Exercise description
Could you transcribe exactly the lines from the one containing "Image de Mini" through the last line of the records below, leaving out the pictures?

§

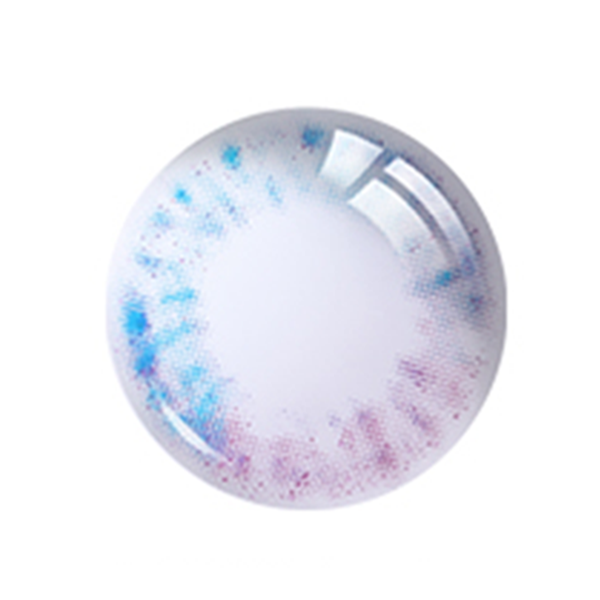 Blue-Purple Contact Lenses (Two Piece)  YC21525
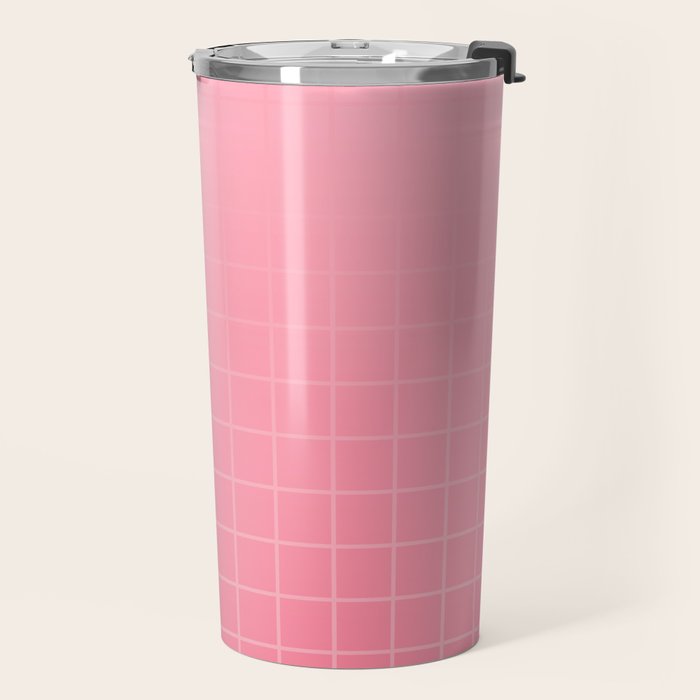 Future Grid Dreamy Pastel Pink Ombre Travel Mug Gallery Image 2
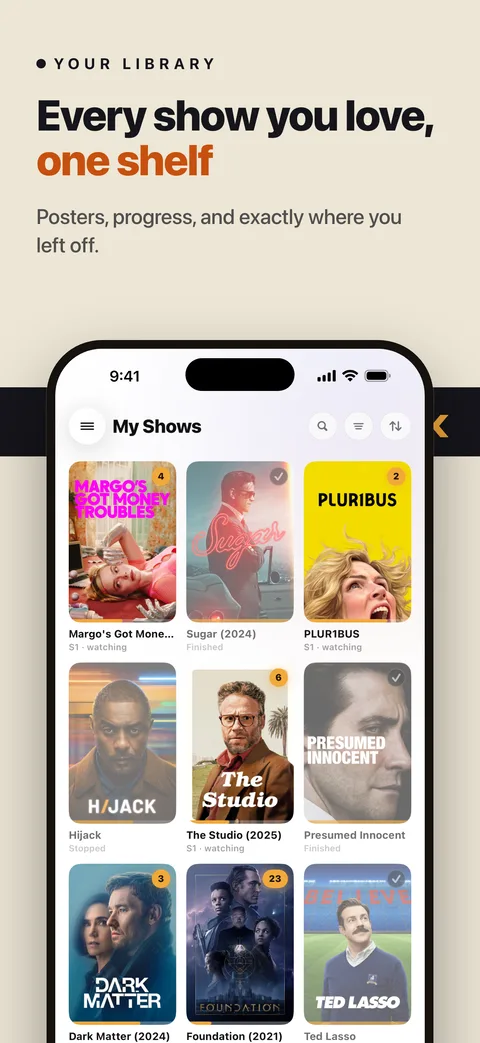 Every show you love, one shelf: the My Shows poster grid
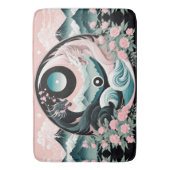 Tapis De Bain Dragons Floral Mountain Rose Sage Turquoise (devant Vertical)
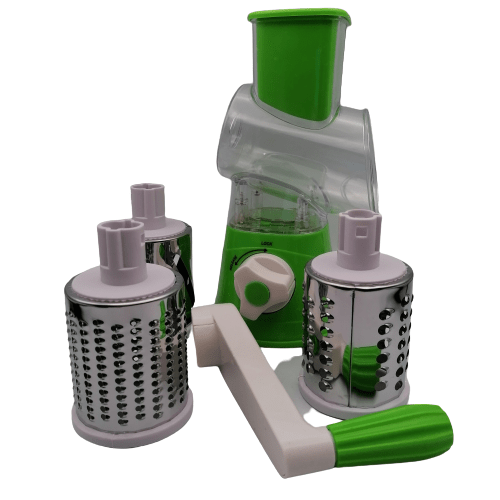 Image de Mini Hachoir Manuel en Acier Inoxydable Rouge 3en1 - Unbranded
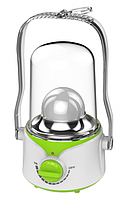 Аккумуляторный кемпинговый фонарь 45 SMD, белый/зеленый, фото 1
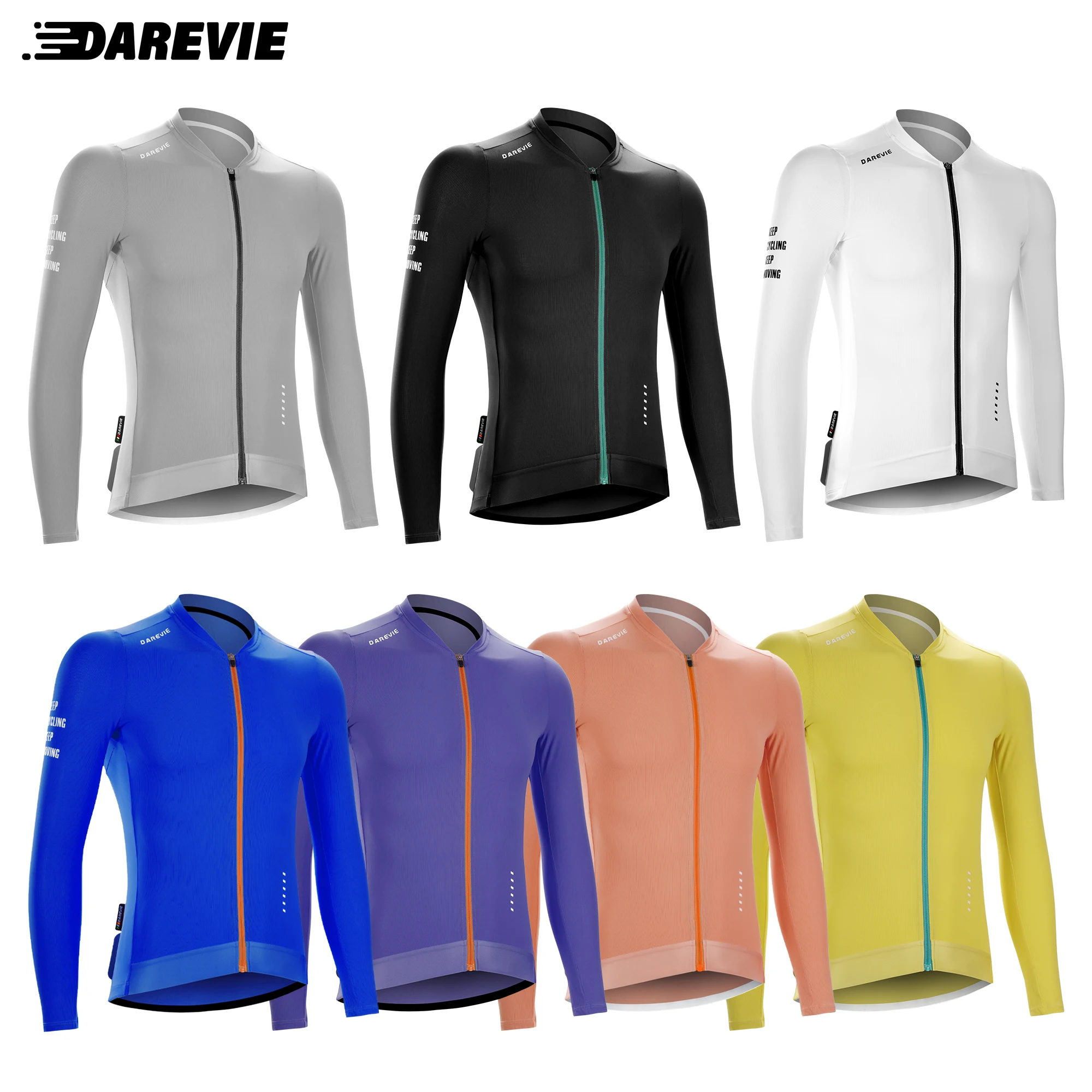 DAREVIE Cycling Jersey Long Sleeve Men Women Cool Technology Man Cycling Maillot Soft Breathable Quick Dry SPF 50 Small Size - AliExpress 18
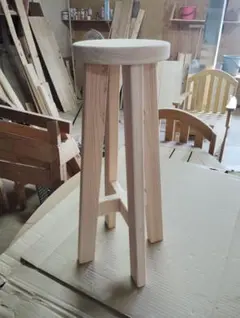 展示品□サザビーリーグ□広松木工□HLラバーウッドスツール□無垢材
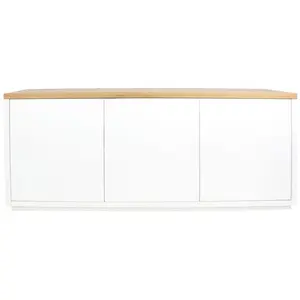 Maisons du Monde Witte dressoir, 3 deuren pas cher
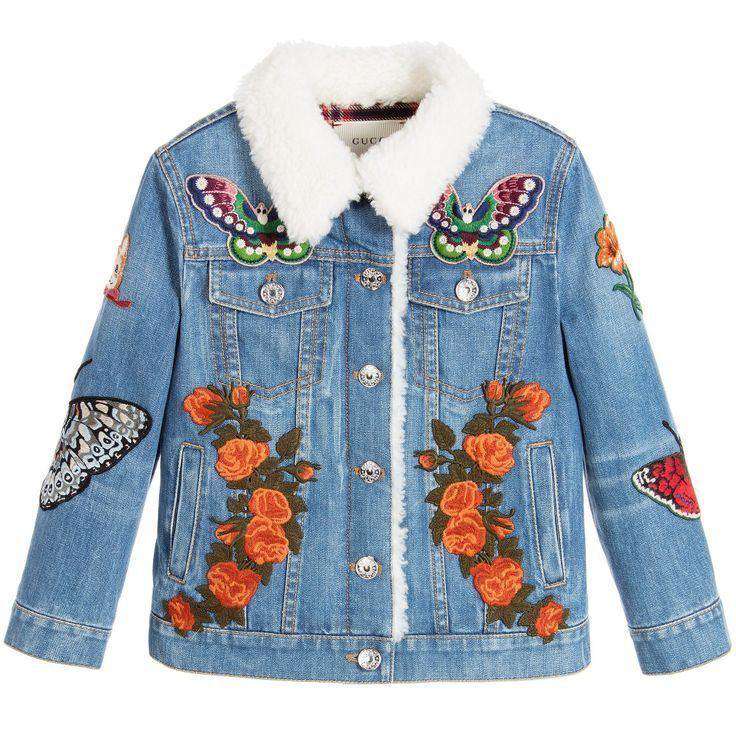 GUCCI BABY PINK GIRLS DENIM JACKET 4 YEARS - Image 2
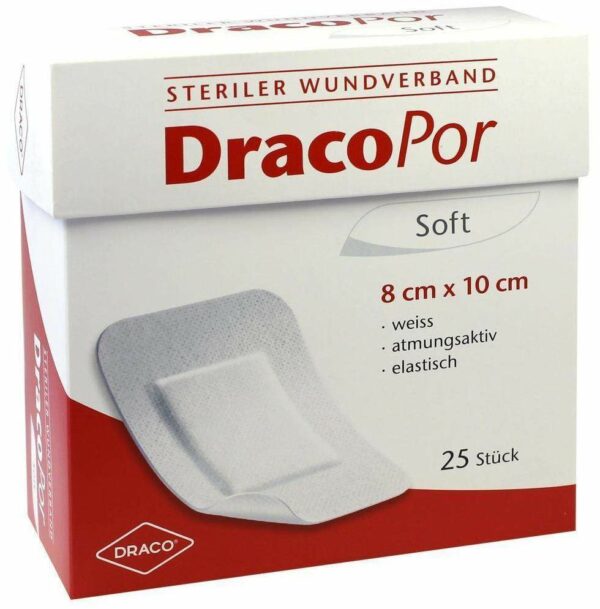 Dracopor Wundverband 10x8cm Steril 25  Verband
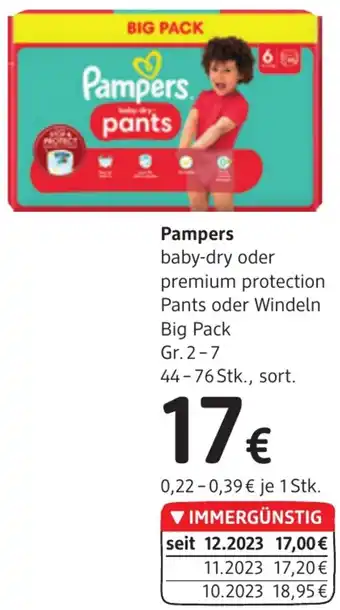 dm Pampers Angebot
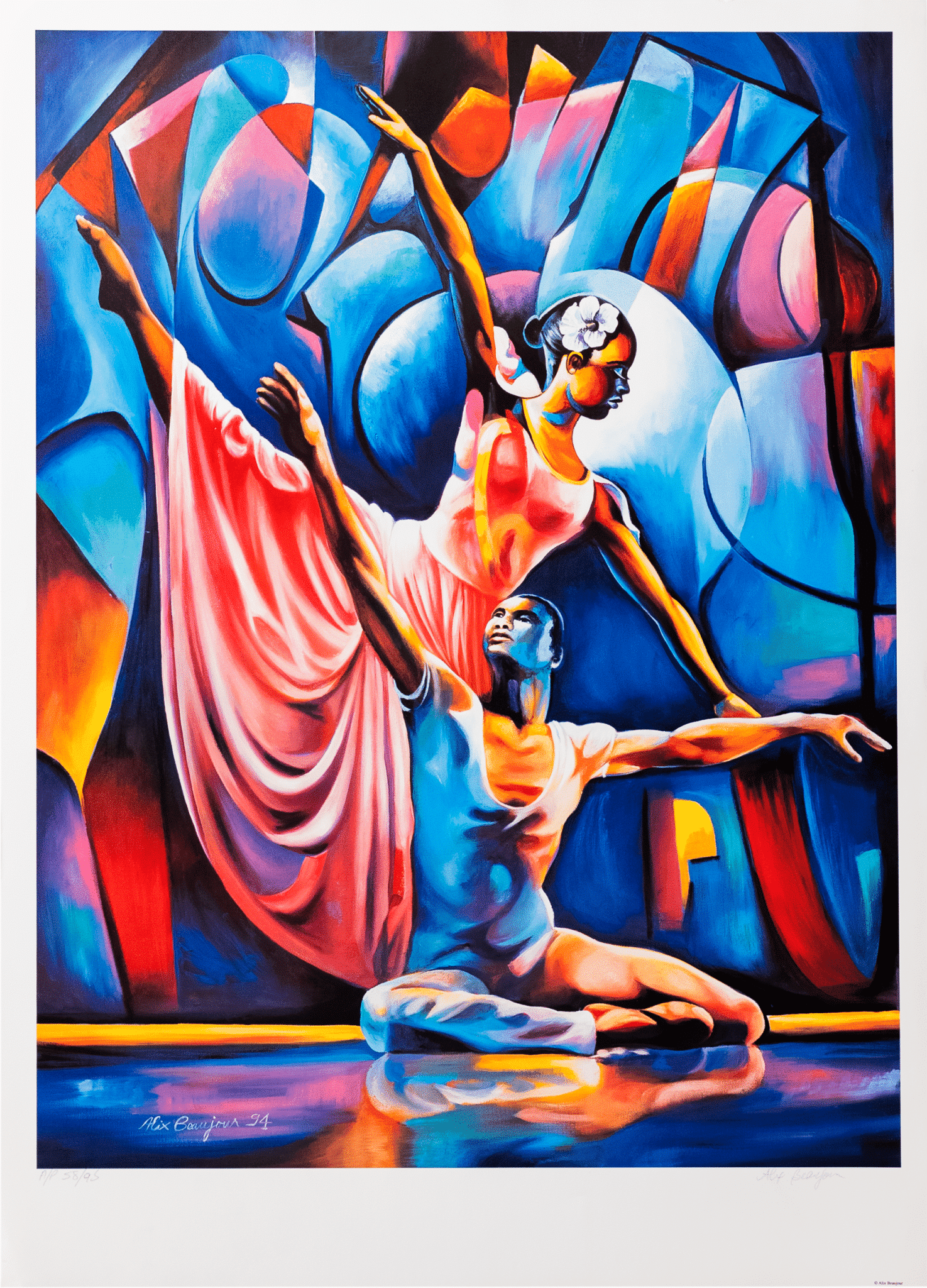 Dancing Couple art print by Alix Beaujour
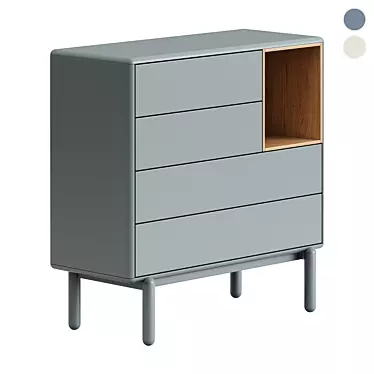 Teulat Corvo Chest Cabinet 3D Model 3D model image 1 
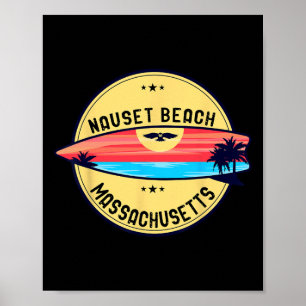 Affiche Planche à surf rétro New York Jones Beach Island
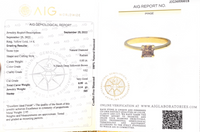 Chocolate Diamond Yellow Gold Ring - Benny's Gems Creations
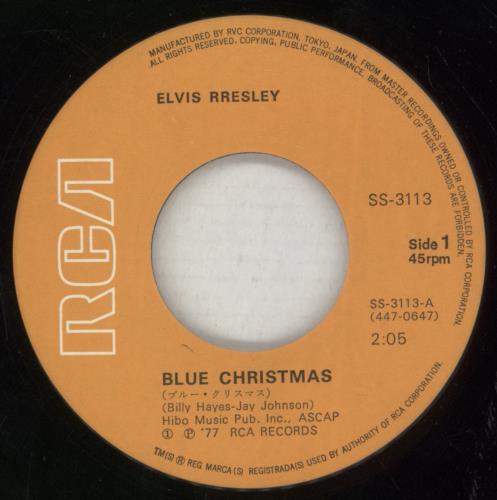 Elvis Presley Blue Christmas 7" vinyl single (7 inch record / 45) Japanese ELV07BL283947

§

Your response
 Image de Mini Hachoir Manuel en Acier Inoxydable Rouge 3en1 - Unbranded
 Аккумуляторный кемпинговый фонарь 45 SMD, белый/зеленый, фото 1
 DAREVIE Cycling Jersey Long Sleeve Men Women Cool Technology Man Cycling Maillot Soft Breathable Quick Dry SPF 50 Small Size - AliExpress 18
 展示品□サザビーリーグ□広松木工□HLラバーウッドスツール□無垢材
 Maisons du Monde Witte dressoir, 3 deuren pas cher
 GUCCI BABY PINK GIRLS DENIM JACKET 4 YEARS - Image 2
 Dracopor Wundverband 10x8cm Steril 25  Verband
 dm Pampers Angebot
 Dancing Couple art print by Alix Beaujour
 Teulat Corvo Chest Cabinet 3D Model 3D model image 1 
 Affiche Planche à surf rétro New York Jones Beach Island
 Chocolate Diamond Yellow Gold Ring - Benny's Gems Creations
 Elvis Presley Blue Christmas 7" vinyl single (7 inch record / 45) Japanese ELV07BL283947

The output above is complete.